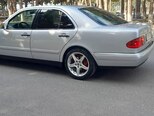 Mercedes E 230-11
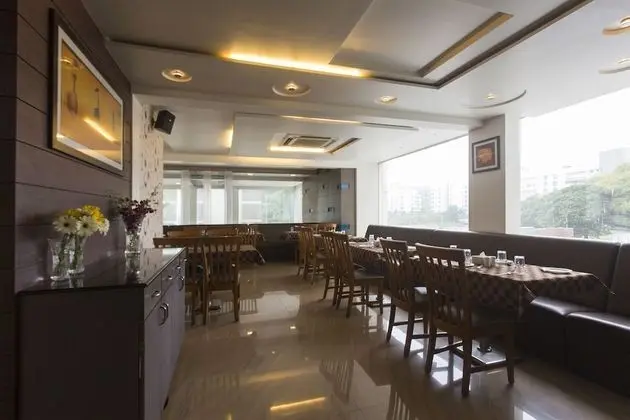 OYO 9088 Hotel Bhagyashree Executive - Yerinde Yemek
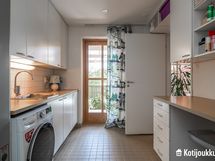 Alakerran kodinhoitohuoneesta suoraan kulku ulos.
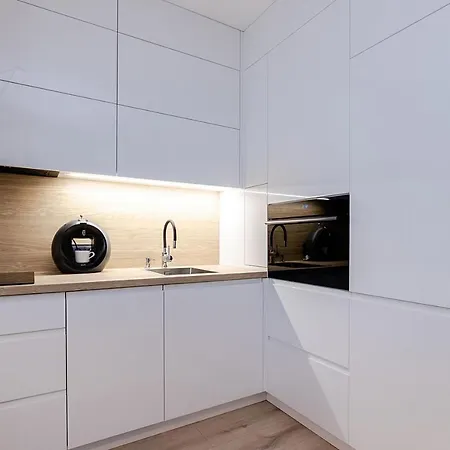 Apartment Wola, Wi-fi, Smart Lock, Air Condition *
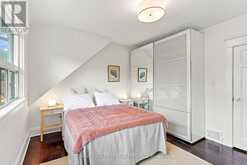 21 MENDEL AVENUE | Toronto Ontario | Slide Image Eighteen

= = = = = = =

Task goal:
Everything from the line with "Alakerran kodinhoitohuoneesta suoraan" through the last line of the listing above is to be copied exactly, both ends included, except the pictures.

Written answer:
 Alakerran kodinhoitohuoneesta suoraan kulku ulos.
 Apartment Wola, Wi-fi, Smart Lock, Air Condition *
 21 MENDEL AVENUE | Toronto Ontario | Slide Image Eighteen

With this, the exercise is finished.